How Tom Harley traded up from one game at Port Adelaide to holding the keys to AFL House
That's where it could have ended for new AFL COO Tom Harley.
Almost exactly 27 years ago, the then-20-year-old debuted for Port Adelaide in a round 14 game against Geelong that has every right to be forgotten.
It was mid-season at Football Park, between two teams that would go on to miss finals — one on a trajectory up the ladder, the other crawling towards years of uncomfortable irrelevance.
Amid a score of future Port premiership stars like Gavin Wanganeen and Warren Tredrea and Stuart Dew, the unfashionable, slow-moving number 27 was all but a footnote in a game that was an annotation in a season that was an aside in the history of both the Power and the Cats.
He came on. He got a kick. That kick was a goal. He never played for Port again.
For many, that would have been the end of it.
Harley had worked hard to get to that point. He was hardly a star in his juniors, and lacked the skills, the speed, and the sheer athleticism to be considered any sort of game-changer on the field.
He was the type of player that would be one of the last picked, and should have been grateful for the opportunity.
One kick. One goal.
Enough to be satisfied that he had made it to the AFL and at least got his hands on the pill.
By the end of the season, he was surplus to demands at Port. He was studying for a Bachelor of Commerce in Adelaide, and a life of full-time work with a bit of part-time footy glanced around the changing room doors at Alberton and waggled its finger, as it had waggled at thousands of players before him.
But that one kick. That one goal. Somehow, it had done enough to capture the eye of someone at Geelong.
Maybe it was "master recruiter" Stephen Wells, who was early in his journey at the club, back when he was just "recruiter" Stephen Wells. Or maybe it was coach Gary Ayres, who had a habit of making unfashionable decisions at a club that had for so long relied on fashionable players.
Whoever it was, they decided that Tom Harley was worth a punt. They gave Port Adelaide pick 37, Port Adelaide gave them Harley, and in an odd reminder of what he was worth to them, the Cats gave Harley the number 37 guernsey.
He would debut for the Cats — as he did for the Power — in a round 14 game that had little bearing on the season. A Geelong team in the midst of its burgeoning irrelevance, an Adelaide team on the way down the ladder after two premierships.
Three kicks. No goals.
The next week he'd get the ball nine times.
By game three, he'd found the Sherrin on 13 occasions.
Carefully and gradually, he built on his trade.

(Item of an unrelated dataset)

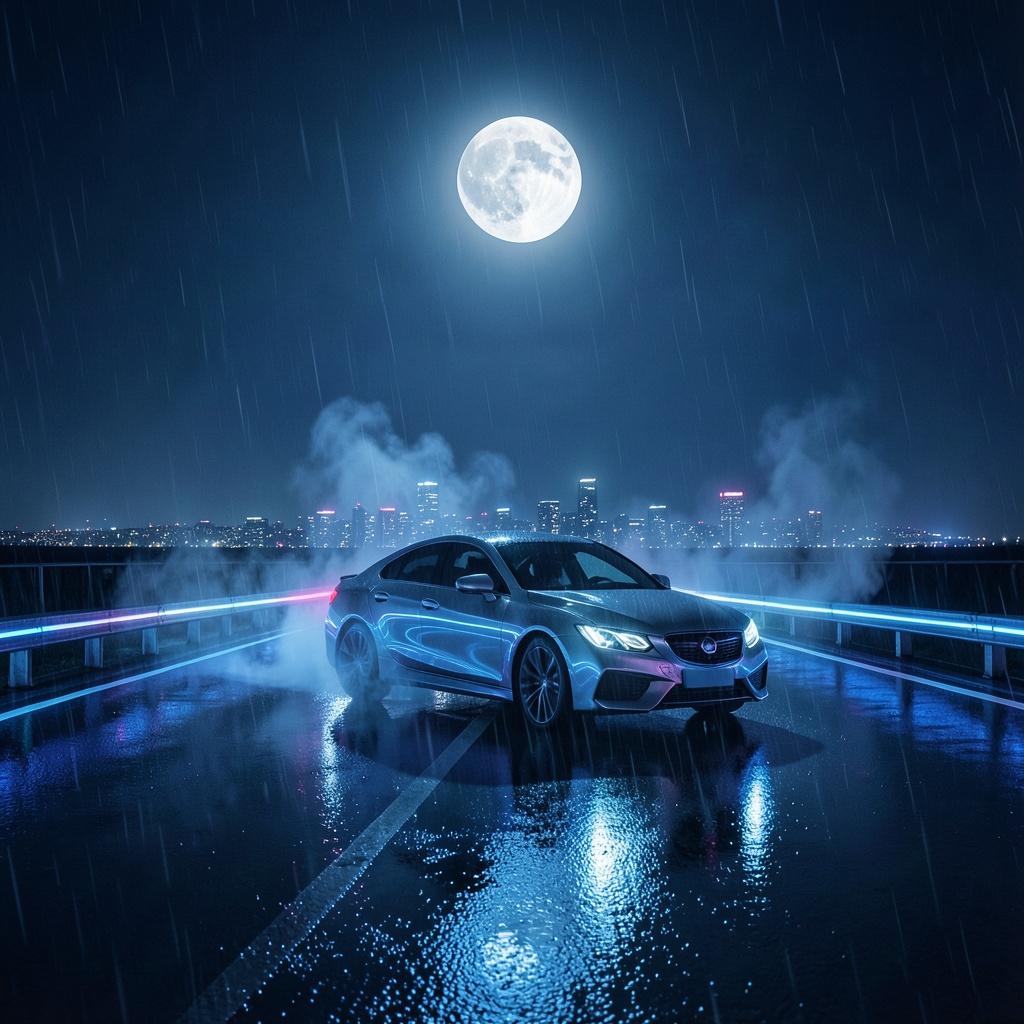 Nocturnal Pursuit artwork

By 2000, and under new coach Mark Thompson, Harley had turned himself into a key defender whose magnet remained permanently attached to the centre half-back position on the white board.
Slow, but clever, undersized, but strong. He was a reader of the game, a watcher who only inserted himself into the story when it absolutely demanded it.
There was nothing glamorous about him. Geelong didn't need more glamour. The new kids on the list — Gary Ablett Jr, Steve Johnson, Jimmy Bartel — they had enough glitz to make Moorabool St feel like Sunset Boulevard.
But Harley was different to the old Geelong. That Geelong cherished style above substance. That Geelong could make the Grand Final in a glorious halo of after-the-siren heroics but fall apart when it mattered.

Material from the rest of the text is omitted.